Holiday Bonuses a Fading Tradition

By Staff Report

Dec. 22, 2005

New LinkHoliday bonuses are just about as outdated as mistletoe at the office party. According to Hewitt Associates’ 2005 holiday survey, 14 percent of companies have discontinued their holiday bonus programs (in this context, the term doesn’t necessarily mean cash). Forty-five percent never offered one. Of those companies that stopped giving holiday bonuses to employees, 53 percent say they did so between 2000 and 2004, and 26 percent did in the ’90s.

Fifty-five percent of respondents say they eliminated their holiday bonus programs because of cost, and 50 percent say they did so because of “entitlement issues,” meaning employees had come to regard them as part of their compensation. Many of these companies, instead, are adopting performance-based incentives. Seventy-eight percent of employers offer performance-based bonus programs, up from 51 percent in 1991, according to Hewitt.
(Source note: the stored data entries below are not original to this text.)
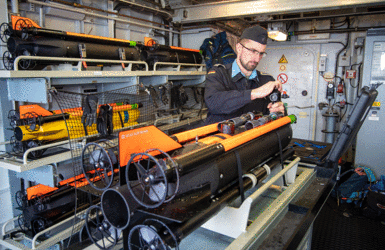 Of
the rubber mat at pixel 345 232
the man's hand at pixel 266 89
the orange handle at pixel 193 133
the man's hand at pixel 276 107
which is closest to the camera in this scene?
the orange handle at pixel 193 133

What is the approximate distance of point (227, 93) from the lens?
2.05 m

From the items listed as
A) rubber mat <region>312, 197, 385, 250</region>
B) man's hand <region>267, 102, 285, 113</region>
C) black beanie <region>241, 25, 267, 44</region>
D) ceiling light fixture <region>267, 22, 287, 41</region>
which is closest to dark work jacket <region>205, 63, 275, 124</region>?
man's hand <region>267, 102, 285, 113</region>

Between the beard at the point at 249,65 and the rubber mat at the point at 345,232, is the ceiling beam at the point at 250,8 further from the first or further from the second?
the rubber mat at the point at 345,232

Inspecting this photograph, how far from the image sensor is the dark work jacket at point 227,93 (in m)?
2.00

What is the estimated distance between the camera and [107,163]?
1271mm

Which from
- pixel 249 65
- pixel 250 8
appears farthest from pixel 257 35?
pixel 250 8

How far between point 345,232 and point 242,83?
8.78 ft

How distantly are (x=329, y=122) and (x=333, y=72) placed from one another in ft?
3.79

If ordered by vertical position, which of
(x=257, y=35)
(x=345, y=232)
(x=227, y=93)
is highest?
(x=257, y=35)

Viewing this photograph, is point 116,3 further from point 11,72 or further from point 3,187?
point 3,187

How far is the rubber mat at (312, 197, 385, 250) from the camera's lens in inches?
134

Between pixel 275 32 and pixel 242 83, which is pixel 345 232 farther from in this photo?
pixel 275 32

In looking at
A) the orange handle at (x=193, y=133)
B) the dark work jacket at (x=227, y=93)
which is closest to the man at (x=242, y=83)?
the dark work jacket at (x=227, y=93)

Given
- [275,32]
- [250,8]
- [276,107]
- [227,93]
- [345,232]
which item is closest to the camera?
[227,93] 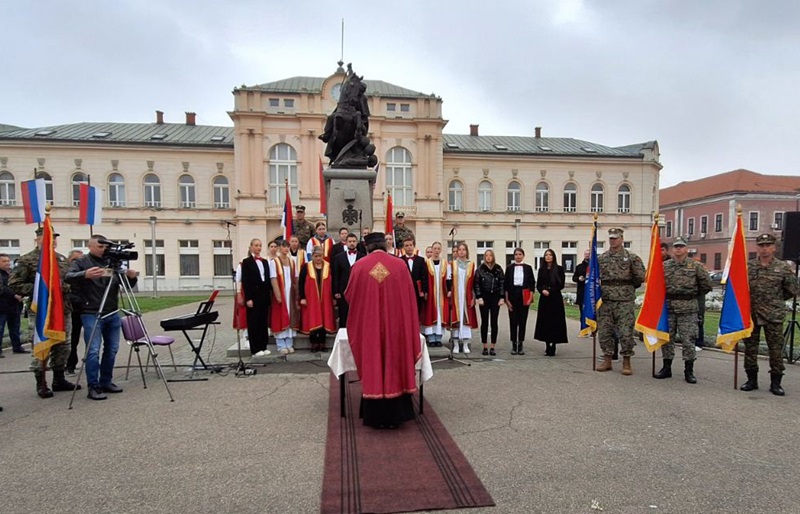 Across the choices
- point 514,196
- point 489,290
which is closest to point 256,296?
point 489,290

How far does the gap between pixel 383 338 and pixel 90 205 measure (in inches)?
217

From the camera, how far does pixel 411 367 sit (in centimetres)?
450

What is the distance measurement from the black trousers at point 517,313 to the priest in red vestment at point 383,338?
13.7ft

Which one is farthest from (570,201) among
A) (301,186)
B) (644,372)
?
(644,372)

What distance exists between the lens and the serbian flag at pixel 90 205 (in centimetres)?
687

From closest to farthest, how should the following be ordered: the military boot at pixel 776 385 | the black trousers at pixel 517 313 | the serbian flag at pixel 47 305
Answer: the serbian flag at pixel 47 305
the military boot at pixel 776 385
the black trousers at pixel 517 313

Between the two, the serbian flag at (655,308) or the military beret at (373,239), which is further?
the serbian flag at (655,308)

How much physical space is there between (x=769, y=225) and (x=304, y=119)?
161 ft

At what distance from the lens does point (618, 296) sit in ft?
22.3

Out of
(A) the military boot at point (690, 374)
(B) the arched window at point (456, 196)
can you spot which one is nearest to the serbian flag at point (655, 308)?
(A) the military boot at point (690, 374)

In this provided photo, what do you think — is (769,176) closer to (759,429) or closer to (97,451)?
(759,429)

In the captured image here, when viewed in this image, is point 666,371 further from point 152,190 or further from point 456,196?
point 152,190

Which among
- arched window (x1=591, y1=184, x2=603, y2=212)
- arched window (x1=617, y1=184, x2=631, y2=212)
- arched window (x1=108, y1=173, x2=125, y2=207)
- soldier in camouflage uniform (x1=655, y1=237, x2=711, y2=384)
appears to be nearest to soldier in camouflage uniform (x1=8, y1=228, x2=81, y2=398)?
soldier in camouflage uniform (x1=655, y1=237, x2=711, y2=384)

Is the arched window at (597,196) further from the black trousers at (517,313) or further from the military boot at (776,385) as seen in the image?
the military boot at (776,385) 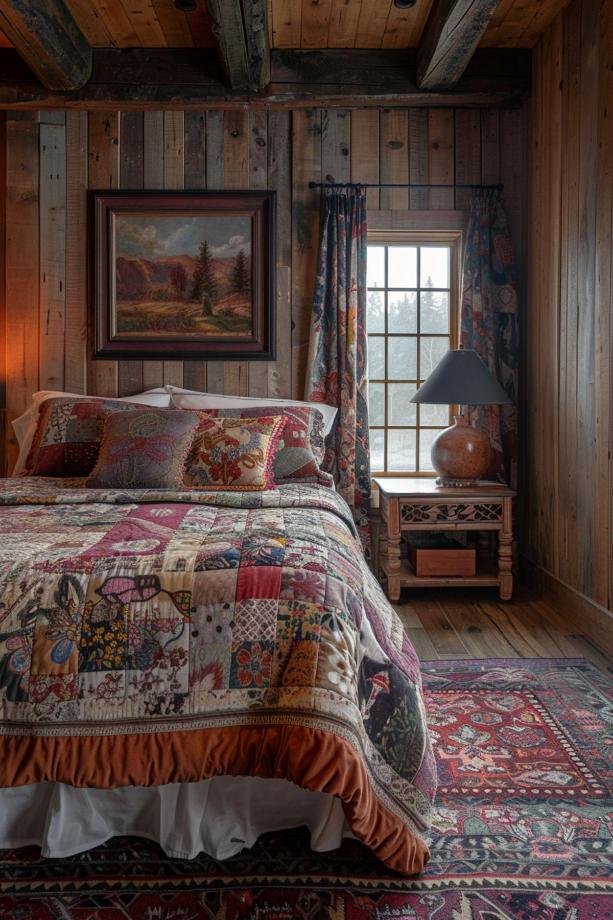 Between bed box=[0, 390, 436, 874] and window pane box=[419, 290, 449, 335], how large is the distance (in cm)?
261

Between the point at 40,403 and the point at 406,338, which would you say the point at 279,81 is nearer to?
the point at 406,338

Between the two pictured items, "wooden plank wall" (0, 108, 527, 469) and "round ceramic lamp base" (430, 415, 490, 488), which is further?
"wooden plank wall" (0, 108, 527, 469)

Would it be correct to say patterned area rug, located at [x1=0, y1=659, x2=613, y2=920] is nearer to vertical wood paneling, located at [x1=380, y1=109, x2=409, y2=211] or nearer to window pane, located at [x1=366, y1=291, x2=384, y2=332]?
window pane, located at [x1=366, y1=291, x2=384, y2=332]

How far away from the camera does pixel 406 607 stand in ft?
11.5

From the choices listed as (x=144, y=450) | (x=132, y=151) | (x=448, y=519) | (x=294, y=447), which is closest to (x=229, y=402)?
(x=294, y=447)

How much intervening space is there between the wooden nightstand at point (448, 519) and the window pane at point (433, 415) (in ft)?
2.07

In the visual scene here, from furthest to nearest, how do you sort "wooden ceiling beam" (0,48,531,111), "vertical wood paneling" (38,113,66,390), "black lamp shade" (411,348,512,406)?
"vertical wood paneling" (38,113,66,390) < "wooden ceiling beam" (0,48,531,111) < "black lamp shade" (411,348,512,406)

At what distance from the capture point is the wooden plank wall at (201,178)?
386 cm

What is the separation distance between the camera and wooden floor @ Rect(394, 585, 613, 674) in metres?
2.85

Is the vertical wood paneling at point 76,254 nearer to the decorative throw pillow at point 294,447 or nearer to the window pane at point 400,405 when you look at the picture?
the decorative throw pillow at point 294,447

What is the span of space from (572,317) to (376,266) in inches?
47.7

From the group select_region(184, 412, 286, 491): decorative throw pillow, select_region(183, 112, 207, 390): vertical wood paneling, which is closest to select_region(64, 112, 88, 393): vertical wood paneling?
select_region(183, 112, 207, 390): vertical wood paneling

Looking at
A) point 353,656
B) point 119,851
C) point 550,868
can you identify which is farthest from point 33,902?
point 550,868

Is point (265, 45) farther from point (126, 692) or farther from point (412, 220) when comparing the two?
point (126, 692) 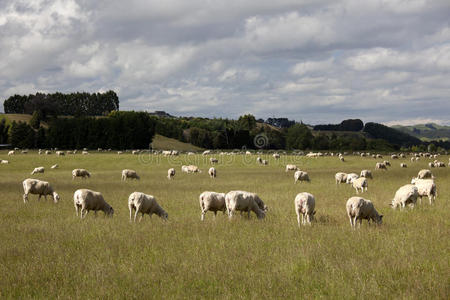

This does not mean that companies are feeling less charitable this year. Nine percent of employers surveyed say that because of events like the December 2004 tsunami, the Gulf Coast hurricanes and the Pakistan earthquake, they are directing all or part of the monies usually reserved for employee bonuses to charity.

Of those companies that will continue with holiday bonuses, 44 percent say they will give a food gift, 37 percent will provide retailer gift certificates and 12 percent will award cash. The majority of these employers are keeping holiday bonuses because they see it as a good way to show their appreciation for employees.